ASPIRE: Using Aspirin to Prevent Recurrence of VTE

Summary

Venous thrombosis, which manifests mainly as deep vein thrombosis (DVT) and pulmonary embolism (PE), is a common and serious disorder; it occurs in 1 per 1000 individuals per year worldwide, and patients who suffer from DVT or PE are at risk of recurrent events [Rosendaal FR. PLoS Med 2012]. There is limited information on safe and effective long-term preventive strategies. This article discusses results from the Aspirin to Prevent Recurrent Venous Thromboembolism [ASPIRE; ACTRN12605000004662] trial.

  • Cardiology Clinical Trials
  • Thrombotic Disorders

Venous thrombosis, which manifests mainly as deep vein thrombosis (DVT) and pulmonary embolism (PE), is a common and serious disorder; it occurs in 1 per 1000 individuals per year worldwide, and patients who suffer from DVT or PE are at risk of recurrent events [Rosendaal FR. PLoS Med 2012]. There is limited information on safe and effective long-term preventive strategies. Timothy Brighton, MBBS, South Eastern Area Lab Services, Prince of Wales Hospital, Sydney, Australia, presented results from the Aspirin to Prevent Recurrent Venous Thromboembolism [ASPIRE; ACTRN12605000004662] trial.

ASPIRE was a double-blind, randomized, placebo-controlled study that evaluated the efficacy of low-dose aspirin versus placebo in preventing a recurrence of venous thromboembolism (VTE) [Brighton TA et al. N Engl J Med 2012]. The primary endpoint was the composite of recurrent symptomatic objectively confirmed DVT, nonfatal PE, or fatal recurrence of VTE.

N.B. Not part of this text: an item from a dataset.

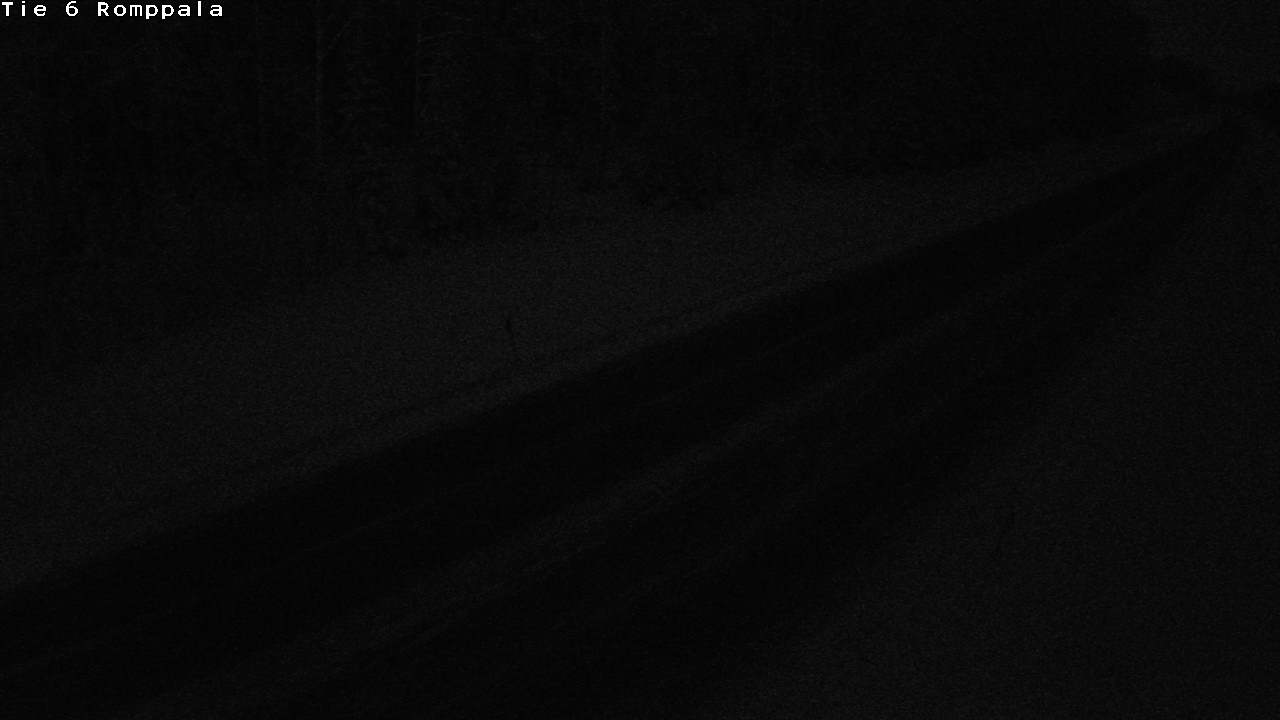 Kelikamerat Kuva Tie 6 Kontiolahti, Romppala, Kontiolahti, Pohjois-Karjala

A total of 822 patients aged ≥18 years were randomized to receive 100 mg/day of aspirin or placebo for up to 4 years following initial anticoagulation therapy. Inclusion criteria were completion of initial anticoagulation therapy after a first unprovoked proximal DVT and/or PE, and commencement of study medication within 6 weeks (and as soon as possible) after the end of initial anticoagulant therapy.

During a median follow-up period of 37.2 months, VTE recurred in 73 of 411 (18%) patients assigned to placebo and in 57 of 411 (14%) assigned to aspirin (6.5% per year vs 4.8% per year; HR aspirin, 0.74; 95% CI, 0.52 to 1.05; p=0.09).

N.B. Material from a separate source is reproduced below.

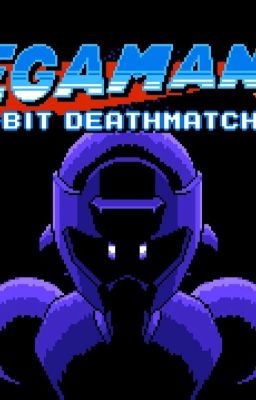 Megaman 8-bit Deathmatch cover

Although there was no significant reduction in the primary endpoint of recurrent VTE, treatment with aspirin was associated with a lower rate of the prespecified secondary broad composite outcomes combing venous and arterial thrombotic events as well as bleeding, including the rate of VTE, myocardial infarction (MI), stroke, or cardiovascular death (HR aspirin, 0.66; 95% CI, 0.48 to 0.92); The rate of VTE, MI, stroke, major bleeding, or death from any cause was reduced by 33% (HR, 0.67; 95% CI, 0.49 to 0.91; p=0.01). There was no significant difference in the rates of major or clinically relevant nonmajor bleeding episodes (0.6%/year with placebo vs 1.1%/year with aspirin; p=0.22) or serious adverse events.

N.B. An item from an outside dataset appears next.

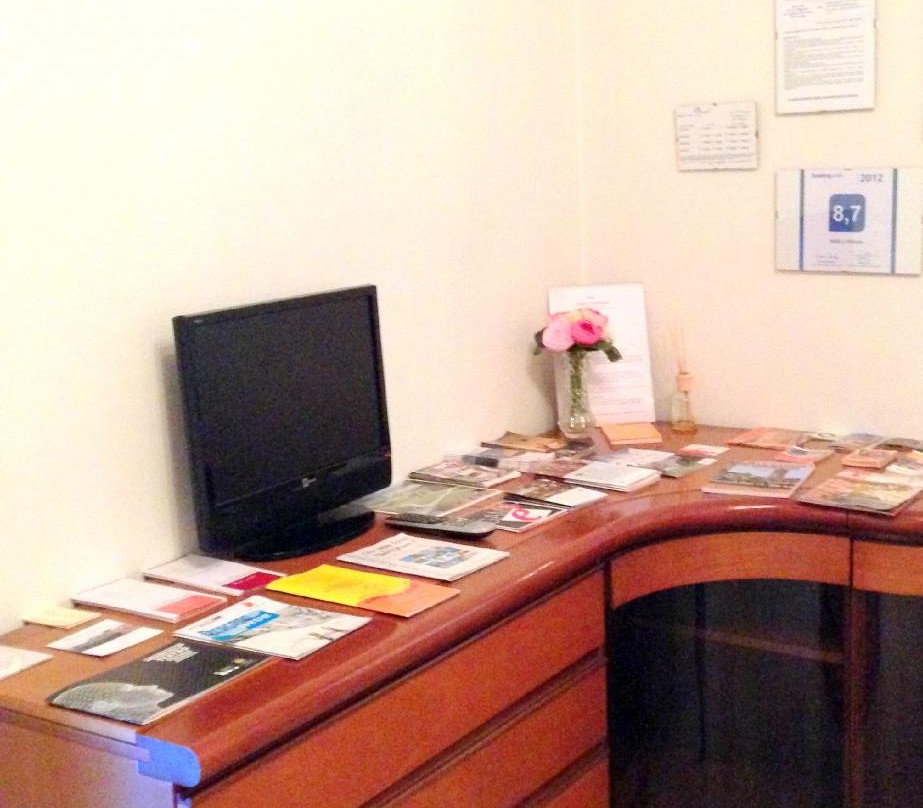 Comfort Accommodation Residence主图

Although the primary hypothesis that aspirin would significantly reduce the rate of recurrent VTE was not demonstrated, the presenter speculated that this may have been due to a lack of sufficient statistical power limitation. When combined with earlier data [WARFASA; Becattini CN et al. N Engl J Med 2012], Dr. Brighton suggested that the ASPIRE study adds to evidence that long-term, low-dose aspirin reduces the risk of recurrent VTE and major vascular events in patients with a first unprovoked VTE compared with placebo (Table 1) [Brighton TA et al. N Engl J Med 2012].

Table 1.

Meta-analysis ASPIRE and WARFASA.

Dr. Brighton said that aspirin is an effective option for patients who are unable or do not wish to continue anticoagulation beyond their initial therapy. Unlike warfarin therapy aspirin is simple, widely available, low cost, and well tolerated, with low risks of bleeding and benefits that extend beyond the prevention of recurrent VTE.

Science Advisors' Statement

The clinical impact of these two trials should be interpreted carefully. While administration of aspirin may result in a modest reduction in VTE, trials of prolonged anticoagulant therapy—including those at reduced intensity—have shown benefit of greater magnitude [Ridker PM et al. N Engl J Med 2003; Schulman S et al. N Engl J Med 1997; Kearon C et al. N Engl J Med 1999; Kearon C et al. Chest 2012]. Clinicians should carefully consider treatment guidelines, prior data, and individual patient risks when advising patients with regard to appropriate antithrombotic therapy after VTE, and should not consider aspirin an alternative therapy with equivalent efficacy in patients with a clear indication for anticoagulation for VTE.